--- START ---

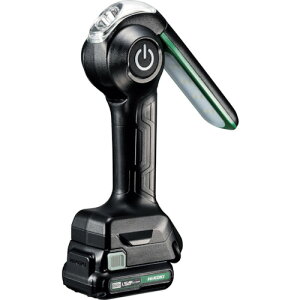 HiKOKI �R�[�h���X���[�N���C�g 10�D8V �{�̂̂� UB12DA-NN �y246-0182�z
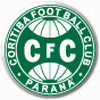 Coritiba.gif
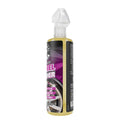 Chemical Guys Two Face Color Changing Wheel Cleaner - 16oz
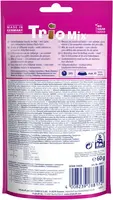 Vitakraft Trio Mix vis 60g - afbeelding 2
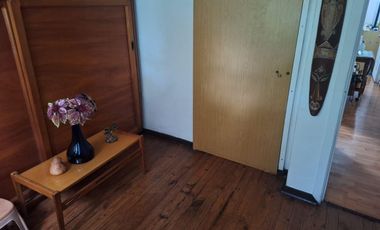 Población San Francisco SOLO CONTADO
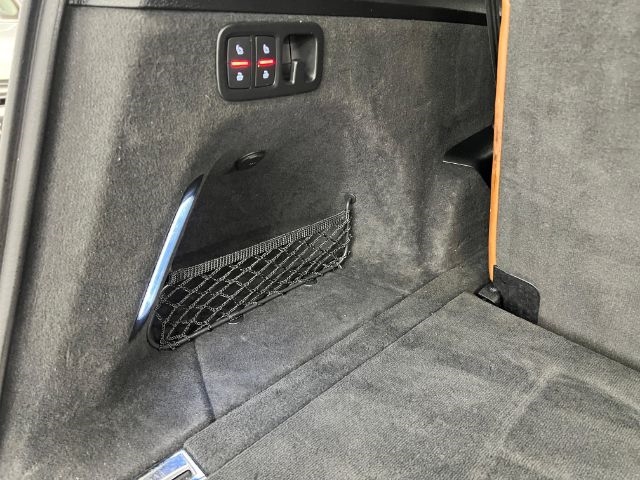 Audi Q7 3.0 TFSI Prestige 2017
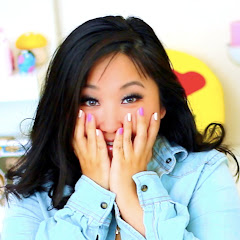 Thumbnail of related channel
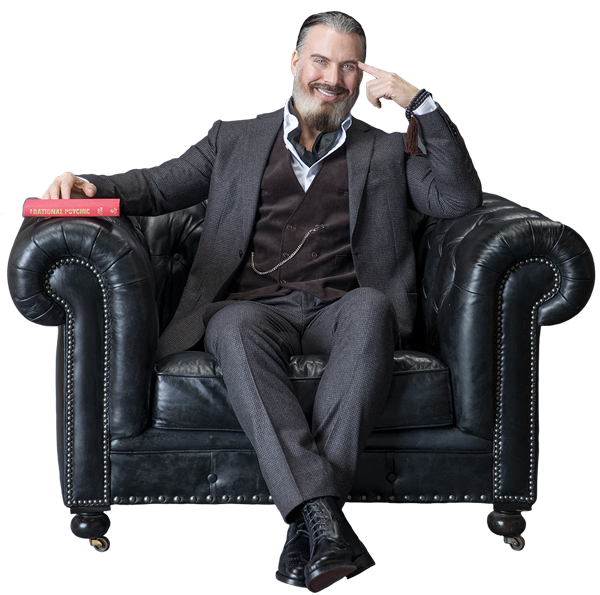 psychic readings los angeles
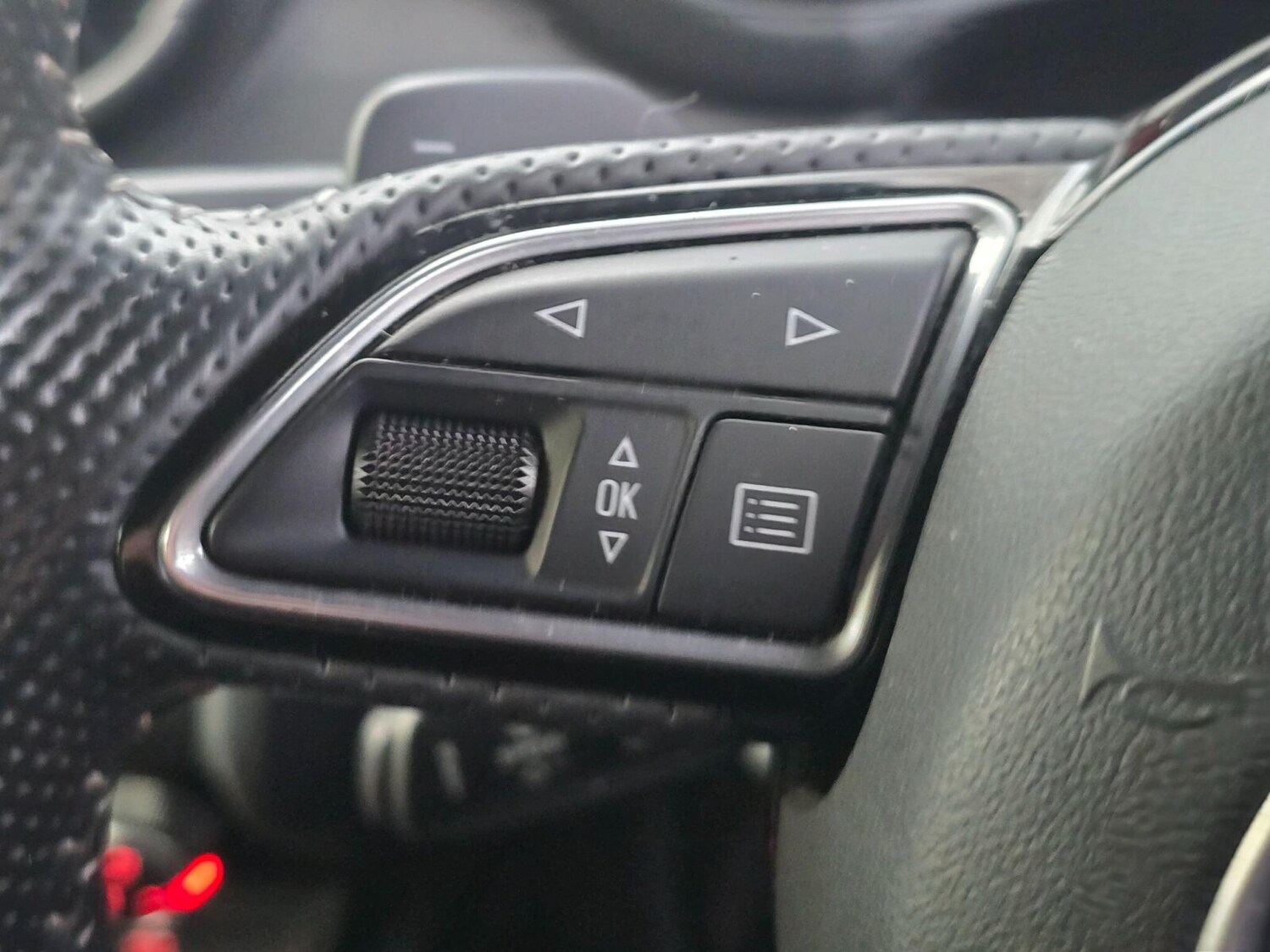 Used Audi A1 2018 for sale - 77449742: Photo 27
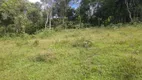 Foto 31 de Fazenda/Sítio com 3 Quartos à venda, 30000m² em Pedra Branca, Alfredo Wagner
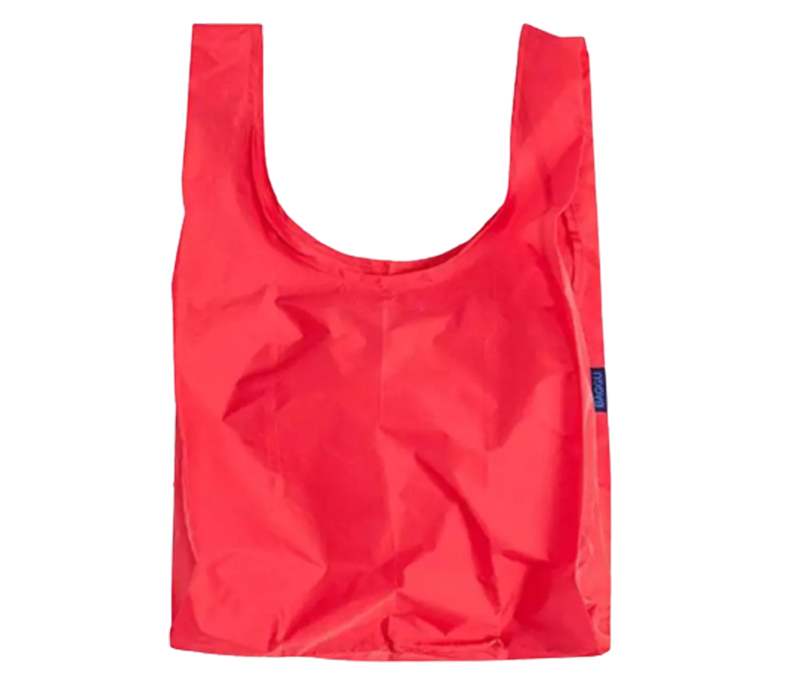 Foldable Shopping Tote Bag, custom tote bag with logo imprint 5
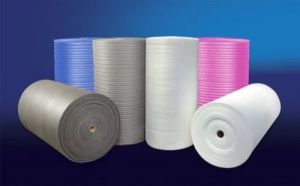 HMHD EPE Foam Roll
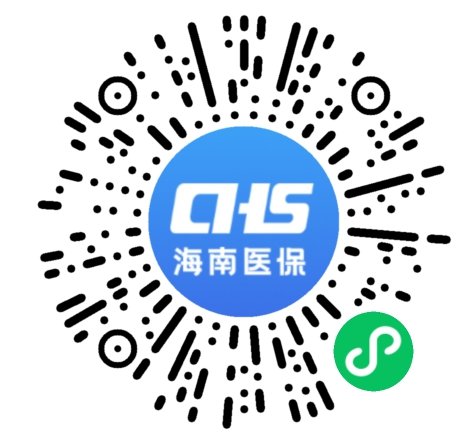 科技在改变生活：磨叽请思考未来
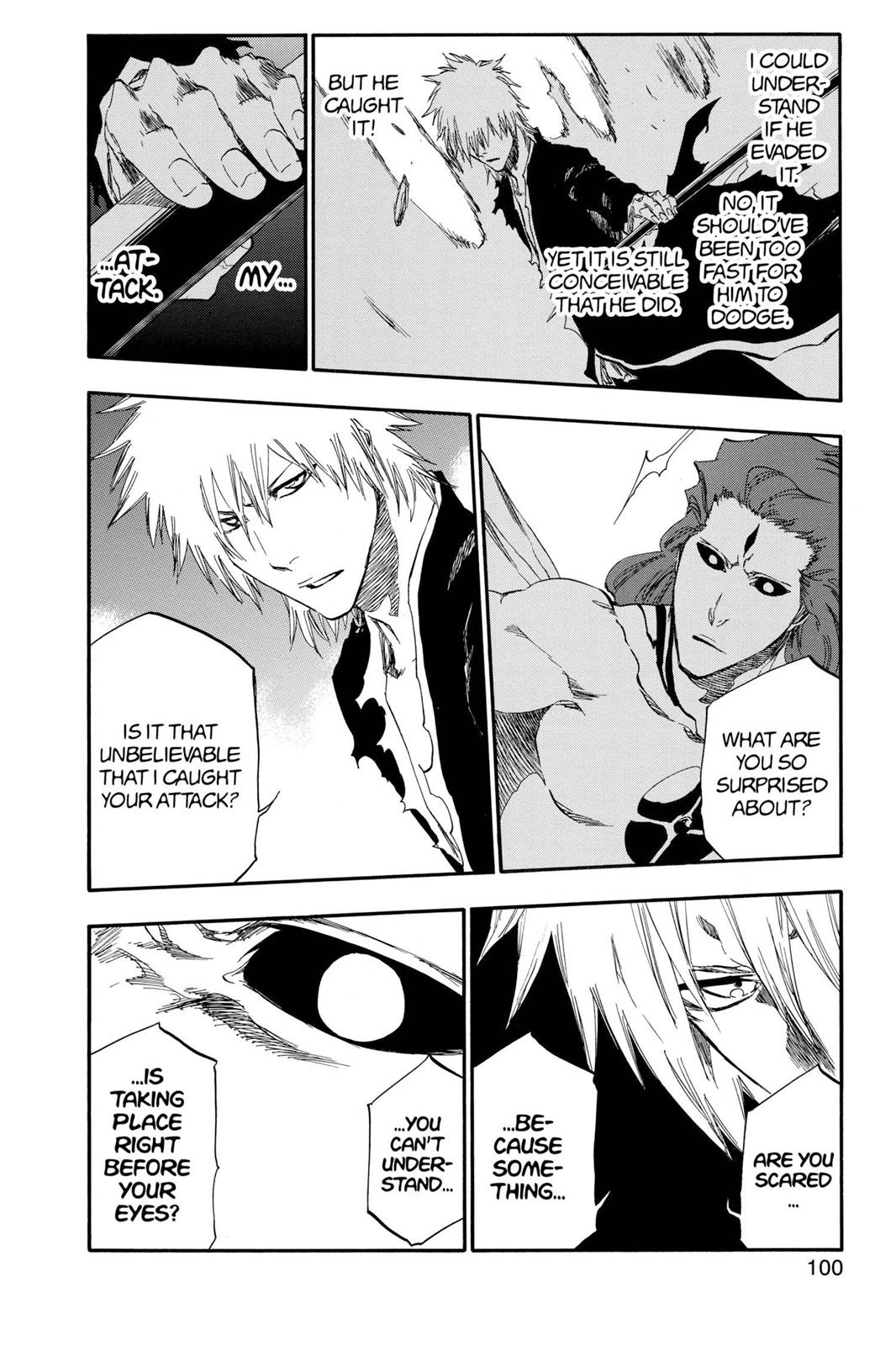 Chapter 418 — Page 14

--- END ---

• [About this task]
Starting at the line that holds "Used Audi A1", repeat every line through the end of the listing exactly as written, skipping any picture.

• [Problem solution]
 Used Audi A1 2018 for sale - 77449742: Photo 27
 Foto 31 de Fazenda/Sítio com 3 Quartos à venda, 30000m² em Pedra Branca, Alfredo Wagner
 Foldable Shopping Tote Bag, custom tote bag with logo imprint 5
 HMHD EPE Foam Roll
 科技在改变生活：磨叽请思考未来
 Chapter 418 — Page 14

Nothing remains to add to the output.